11.1 In accordance with the Data Protection Legislation and the Single Billing Code of Practice, any information obtained by UTV through an application for or the use of the Service may be accessed and used by UTV and its Affiliates, agents and subcontractors for the purposes of credit references, accurate billing and efficient operation of the Service, including disclosure to and retention by the Access Provider in connection with the operation, suspension and/or termination of the Service and for the insertion, change and deletion of the WHOLESALE ACCESS Customer Listing by UTV and/or the Access Provider. The Customer shall be deemed in accepting these terms and conditions to have given consent for the use of his information for such purposes. The use of such information for purposes other than those outlined in this Agreement shall be subject to the Customer’s consent as given on the Application Form and the Customer Authorisation Form.

12. MISCELLANEOUS


12.1 The Application Form, these terms and conditions, together with the Handbook, the Single Billing Pricing Schedule (Summary), the Application Form and the Single Billing Scheme constitute the entire agreement between the parties in relation to the Service and, for the avoidance of doubt, supersede any terms which may have governed the provision of the CPS Residential Calling Service to the Customer. In the event of a conflict between these Terms and Conditions and the Handbook, these Terms and Conditions shall prevail.

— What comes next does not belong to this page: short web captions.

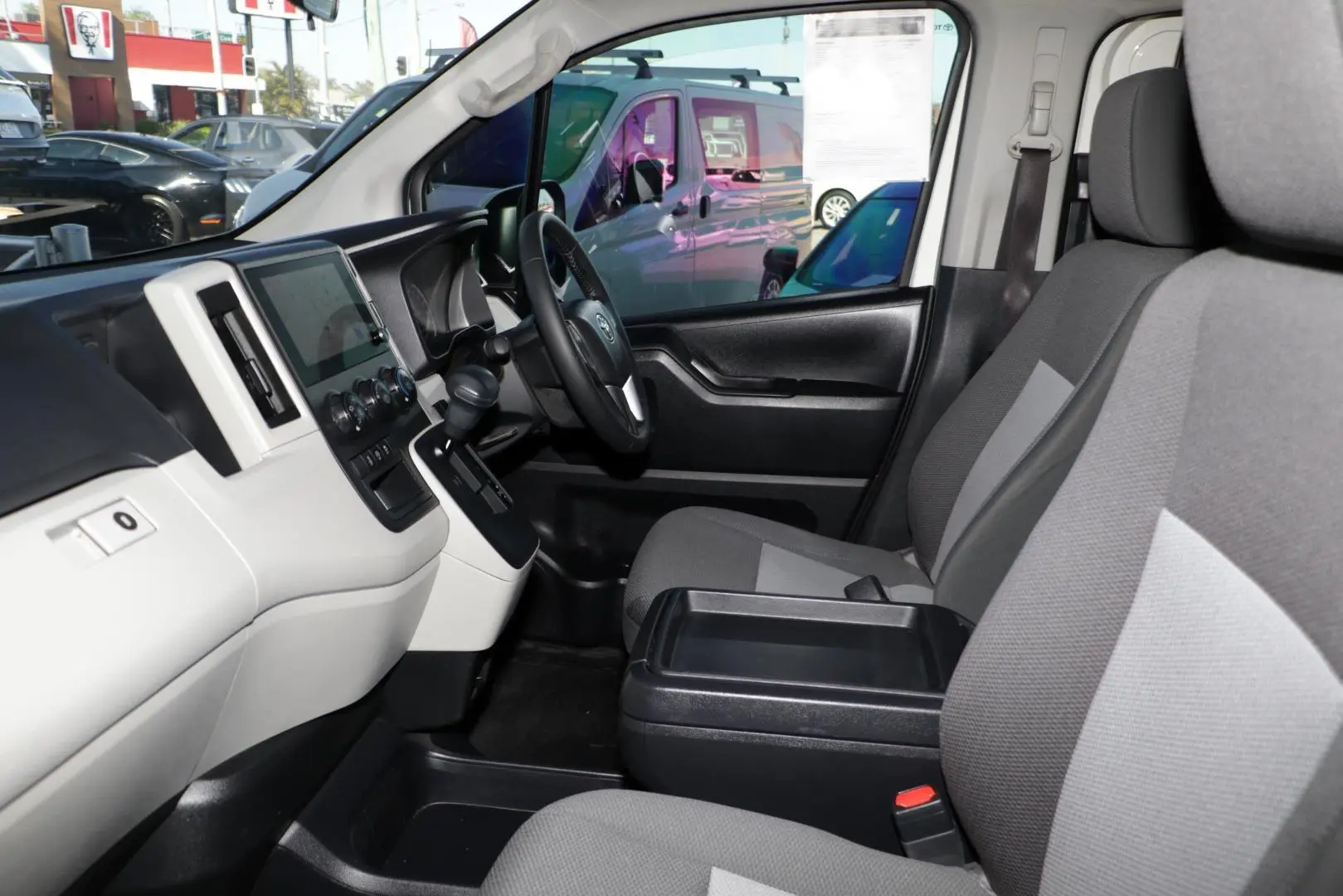 2024 Toyota Hiace Gallery Image 8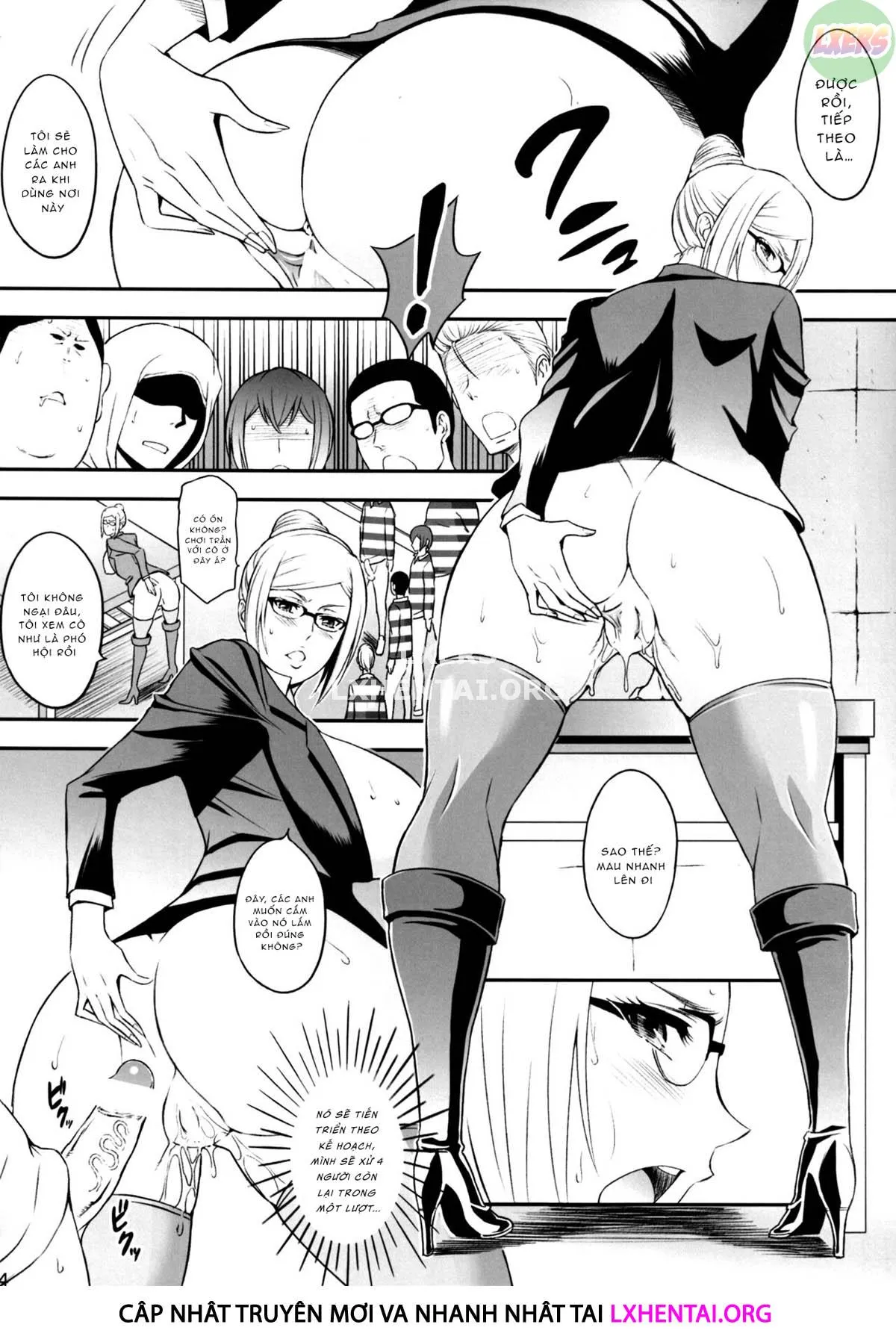 HentaiVN.net - Ảnh 16 - Hell School [Ingoku Gakuen] - Oneshot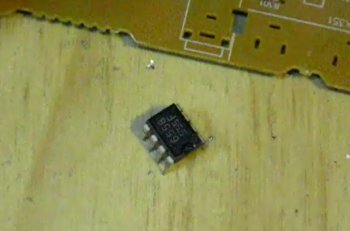 Desoldering electronics integrated circuits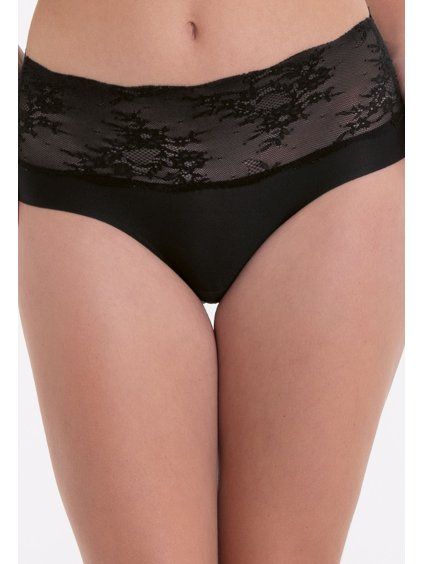 Kalhotky Essential Lace black S (Velikost S)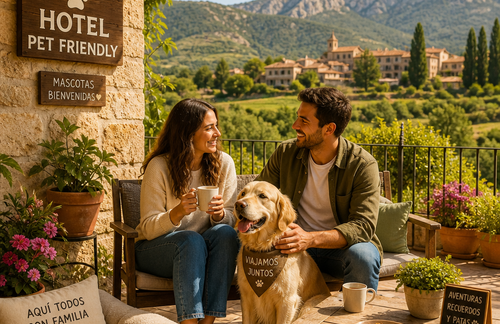 Mejores hoteles pet friendly en España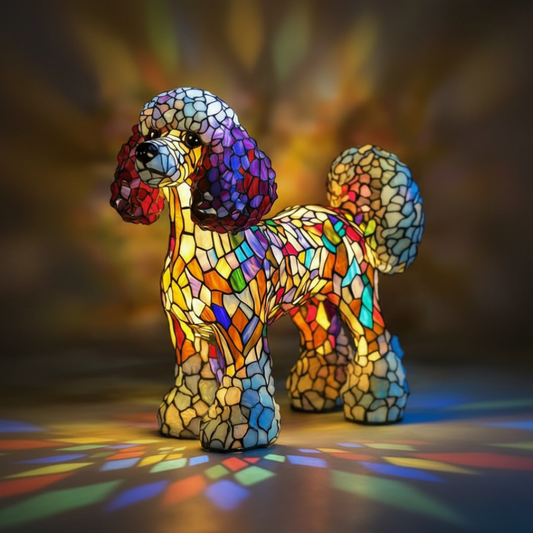 Fiamma – Figura luminosa de cristal
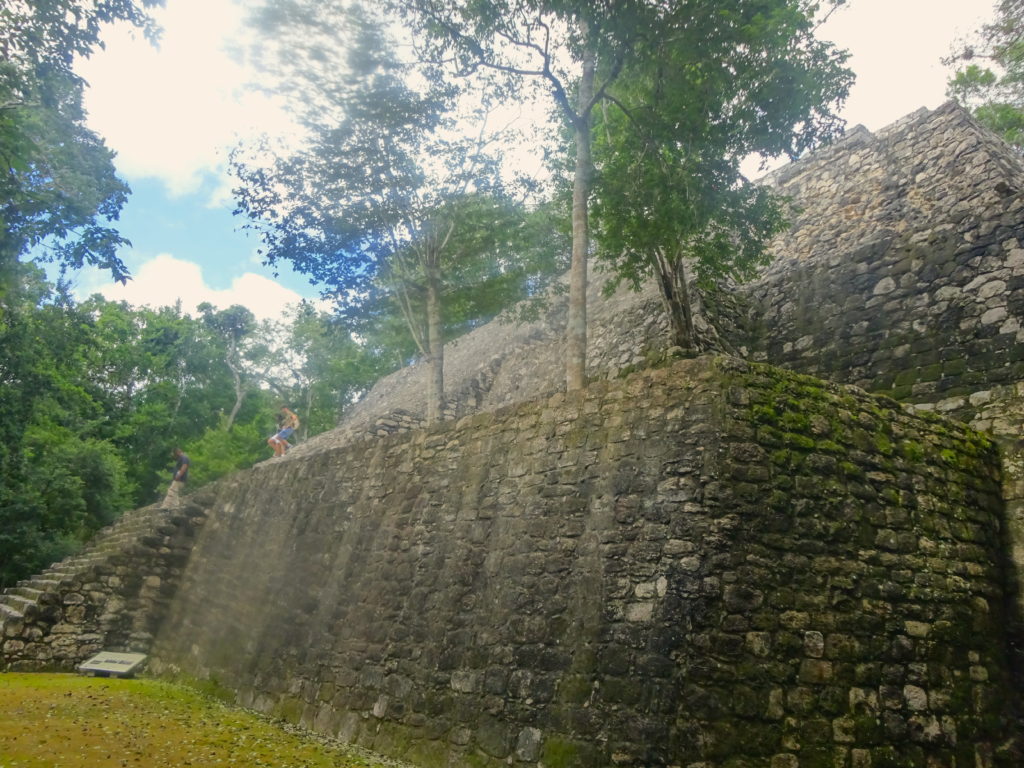 Structure VII Calakmul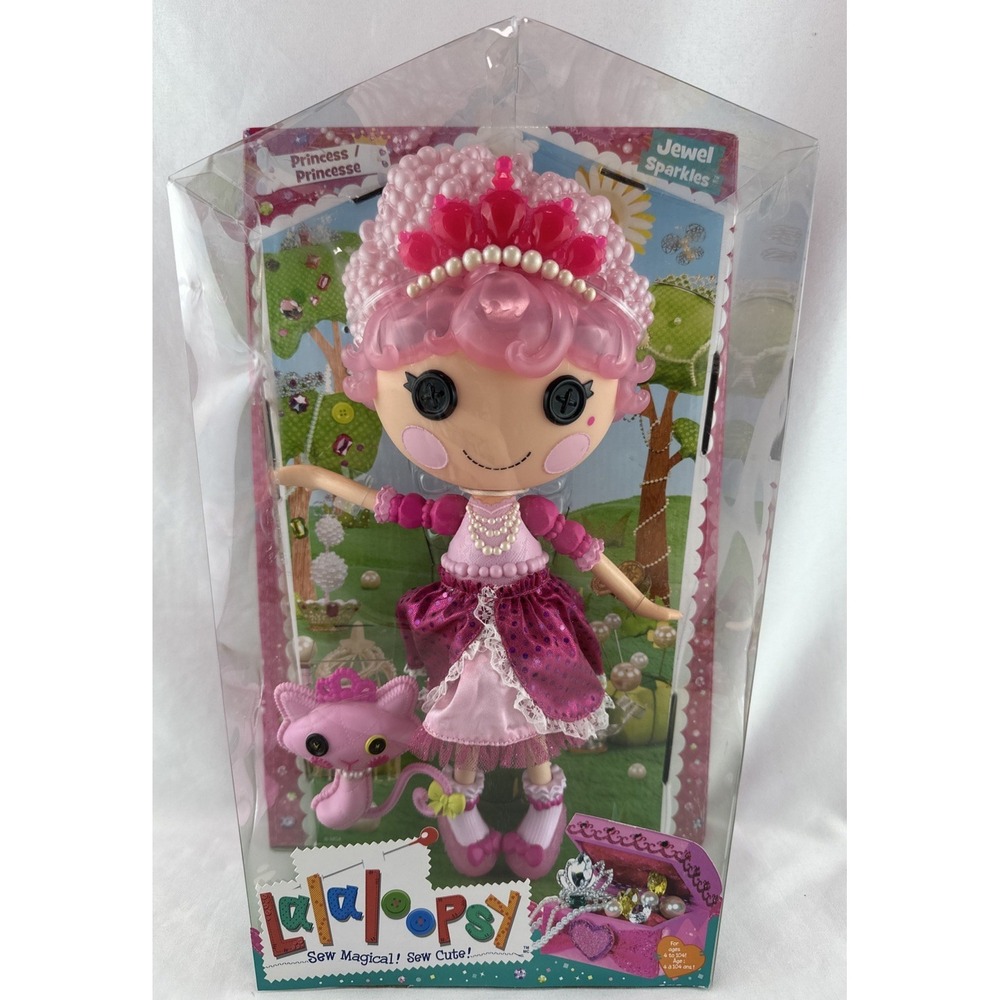 NEW SEALED Lalaloopsy Princess Jewel Sparkles Doll 2016 MGA Entertainment RARE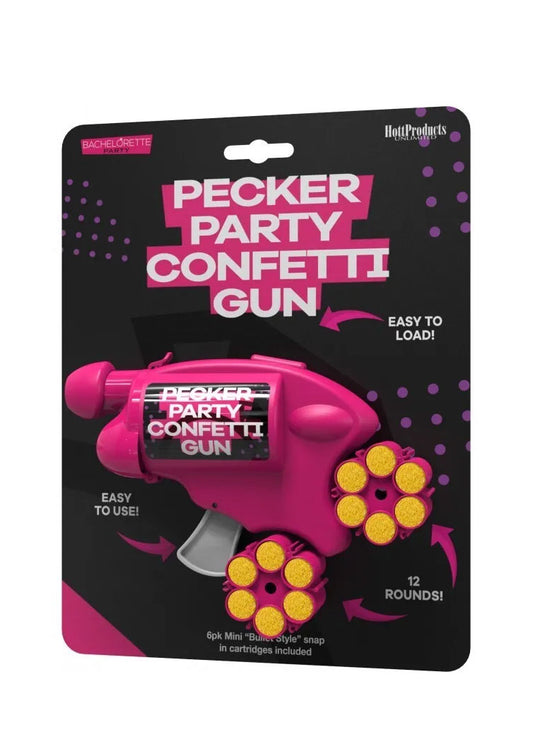 Bachelorette Party Pecker Party Confetti Shooter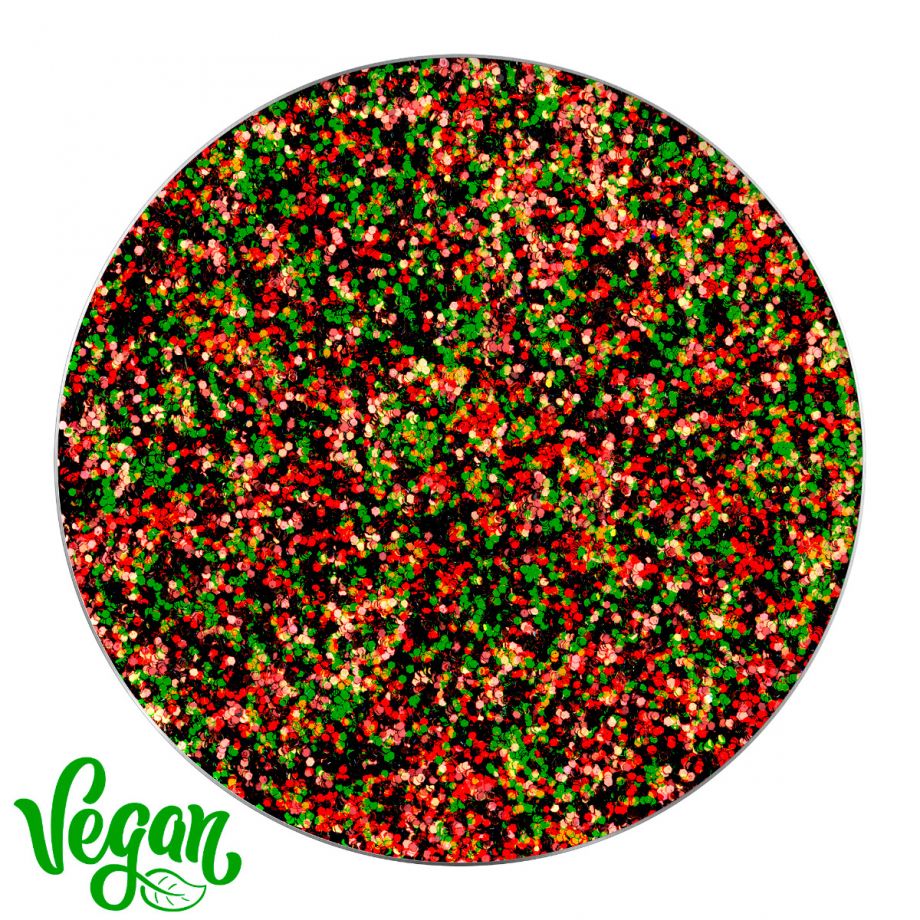 Pastila Rezerva Fard de Pleoape - OMG Twinkling Glitter Eyeshadow Arlekin Nr. 20 - Miyo - HNIcosmetice.ro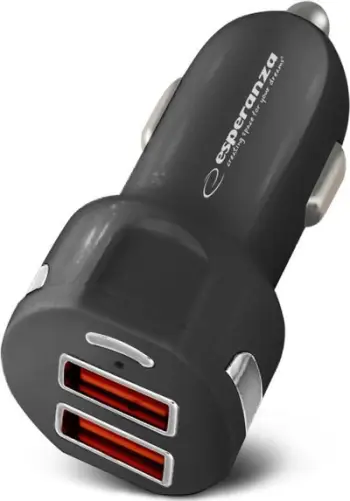 Karikues makine Esperanza EZC110K, 36W, 2x USB A, i zi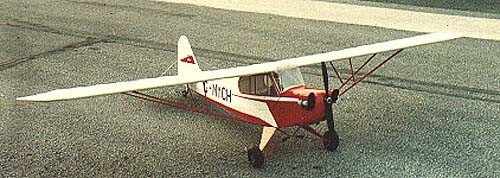 Plan for piper cub j3c - plan, by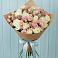 Букет цветов из: Розы в Удобный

12.2 UTV reserves the right to alter any terms of this Agreement upon 30 days notice to the Customer. In the event of any such alteration, the Customer shall have the ability to terminate the Service without penalty, by giving notice to UTV within 60 days of notification by UTV of such alteration, subject to payment by the Customer in full of all charges due prior to the date of receipt of such notice by UTV.

12.3 Any dispute that arises in relation to this Service shall be dealt with in accordance with the dispute process contained in the section entitled “Code of Practice” as amended from time to time on http://u.tv/code.asp. For the avoidance of doubt, the Customer’s obligations under this Agreement, including payment obligations, shall not be effected for the duration of the complaint resolution.

12.4 If any provisions of the Agreement are held to be unenforceable, illegal or void in whole or in part the remaining portions of the Agreement shall remain in full force and effect.